OK: What could have been done differently, in your opinion?

IK: There was a moment in the early 1990s when trust in the United States was still high in Russia. There was a strong belief that we had overcome the Cold War together. Russia had finally embarked on the path of democratic or market reforms. But the lack of U.S. aid at this very moment brought very serious disappointment. It was a missed historic opportunity for the United States. This aid may not have changed anything, but since no real effort was made, this became one of the most serious policy mistakes of the then-U.S. politicians regarding Russia. Triumphalism led to it—the idea that it was the United States that won the Cold War.
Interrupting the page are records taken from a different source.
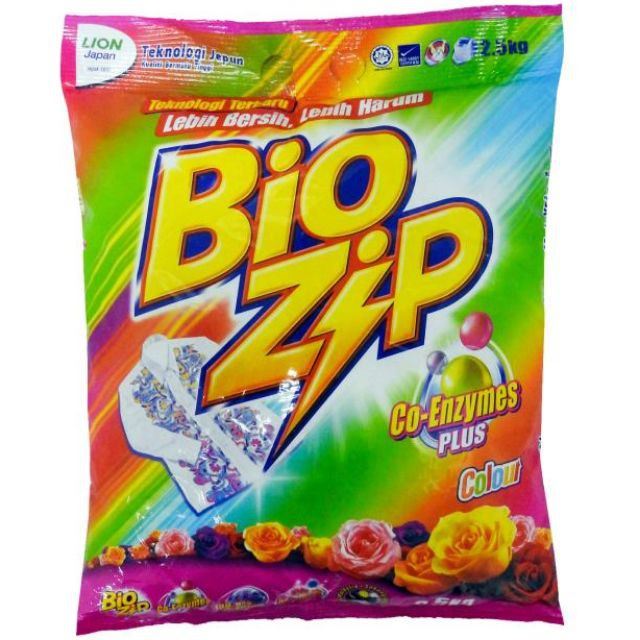 Bio Zip Colour Powder Detergent 2.3kg x 8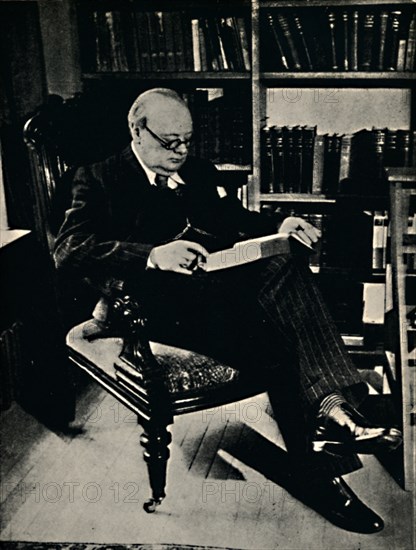 'Winston Spencer Churchill in His Library', 1945. Creator: Unknown.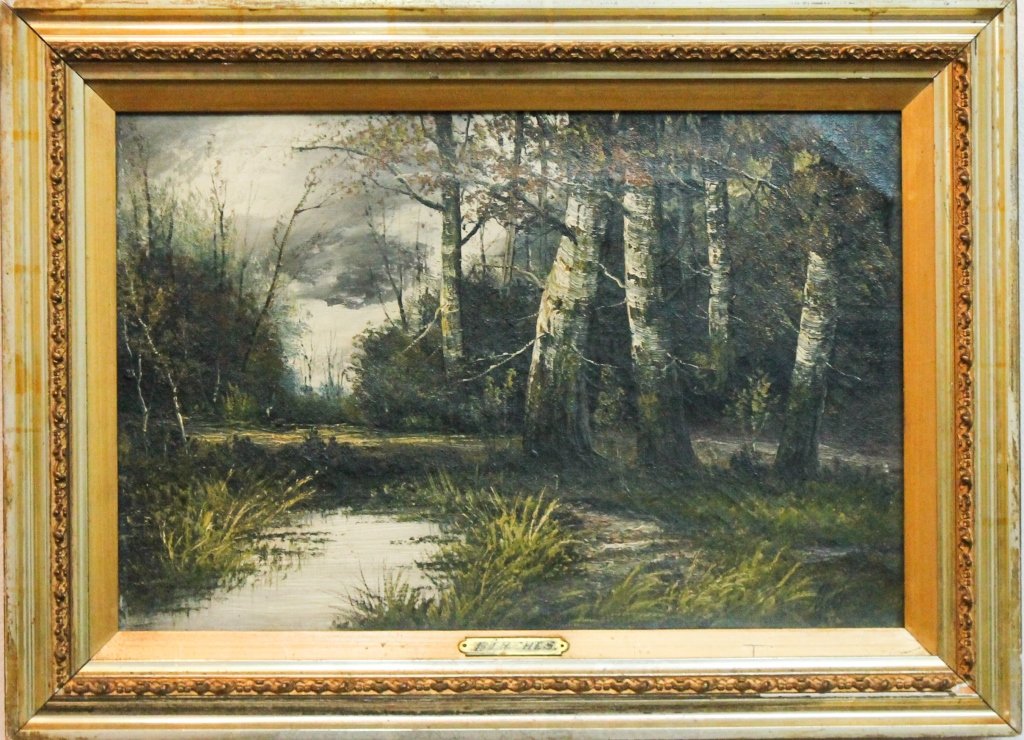 "Birches" American School: late 19th century. oil on canvas, landscape, signed "Milton" lower right, in gilded frame. H12" W18"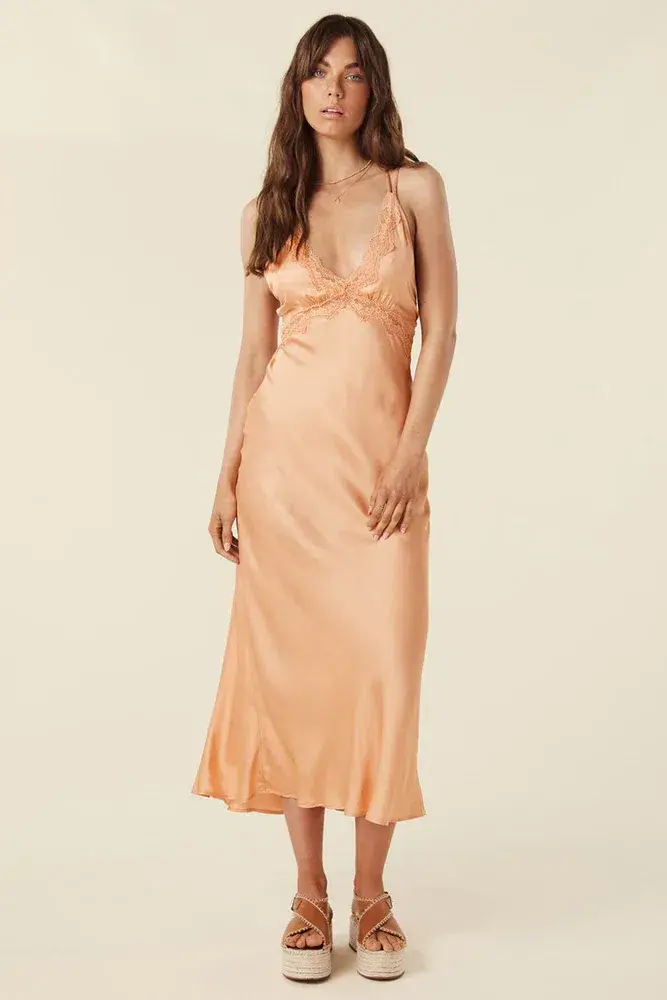 Spell Boudoir Slip Dress Peach Size 8 for rent on The Volte - main image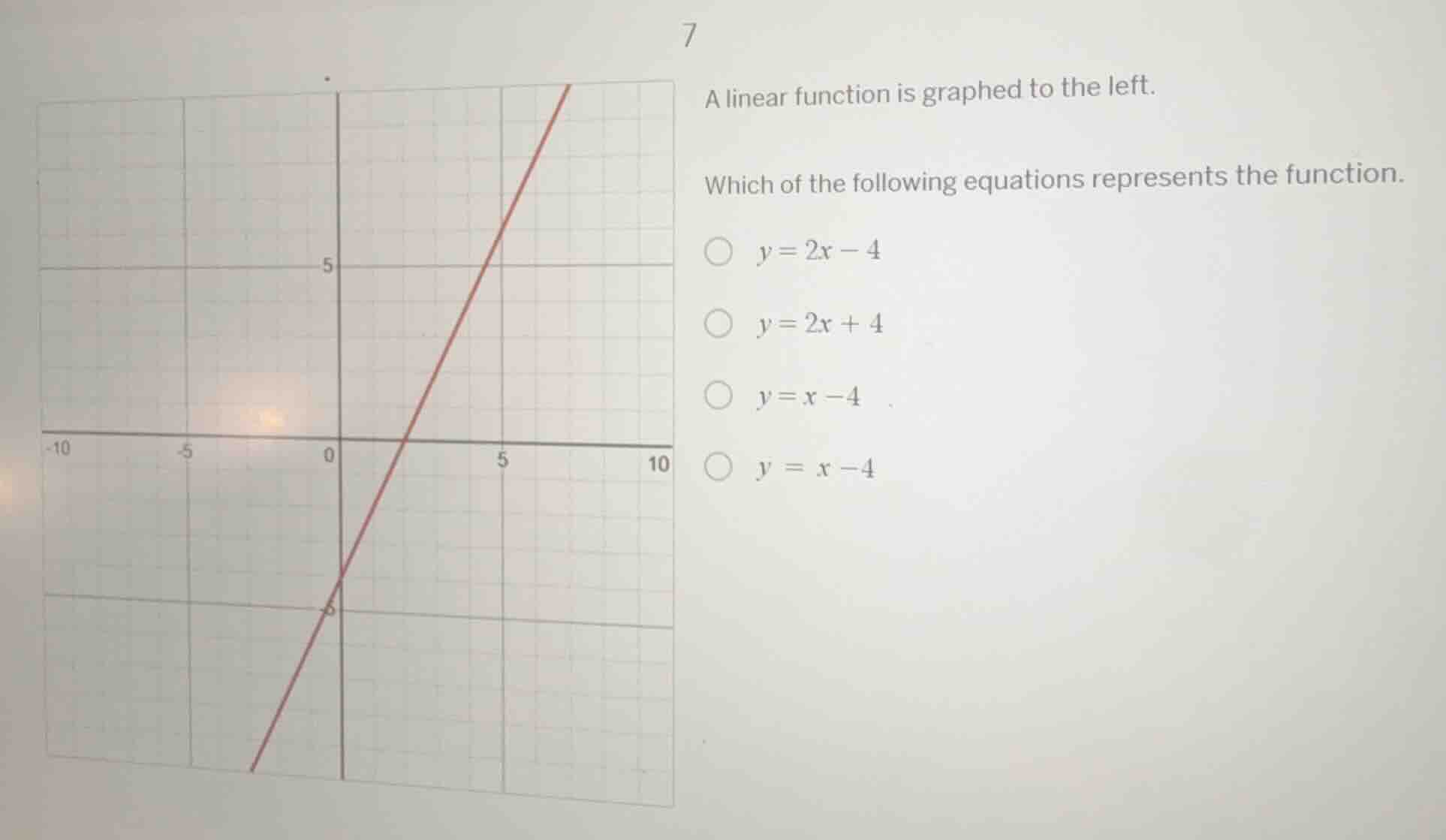 7 a linear function is graphed to the left. which of the following equa…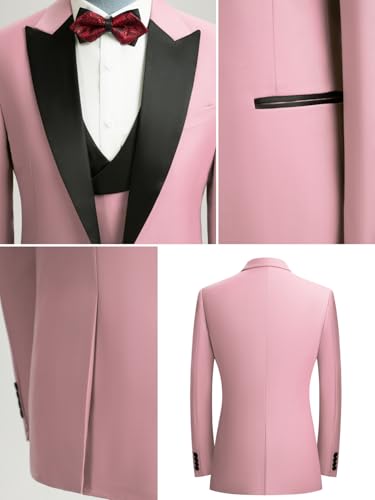 Men's Suit 3-Piece Slim Fit Wedding Tuxedo Double Breasted Vest Pant Set Peak Lapel One Button Blazer Jacket3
OK: Yes, you spoke about this U.S. triumphalism in one interview. Initially, there was a mutual understanding between the U.S. and Soviet leaders that they overcame the threat of war together. At what point did the U.S. change its position?

IK: It was not the threat of war that was defeated, but the very concept of ​​the Cold War. There is a fairly well-known cartoon that Gorbachev presented to Bush Sr. It depicts a ring, where Gorbachev and Bush are shown as boxers, the referee raises their hands as winners, and in front of them lies the dying Cold War. It was 1990— that is, the Soviet Union was still alive. The victory was mutual. And here I want to emphasize a crucial point: The end of the Cold War and the collapse of the Soviet Union are different historical events. They merged into a single event in our optics much later. Now, the interpretation goes as follows: the USSR collapsed, marking the end of the Cold War, therefore the Soviet Union was defeated in it. But the fact is the Cold War ended earlier, when Gorbachev and Reagan signed the first big agreements. The Soviet Union collapsed later—as a result of its own domestic factors and logistics, but not because the United States defeated it, although they did make efforts contributing to its demise. Triumphalism in the United States began in 1992, an election year. Immediately after the USSR’s dissolution [in December 1991], Bush Sr. addressed the American people, congratulating them on the victory of American values, freedom, and democracy, but in essence he was talking about American victory in the confrontation with the Soviet Union. In an election year, U.S. politicians tend to think only in terms of winning more votes. And Bush, perhaps, imagined that proclaiming himself the winner of the Soviet Union would be an important factor in his reelection. 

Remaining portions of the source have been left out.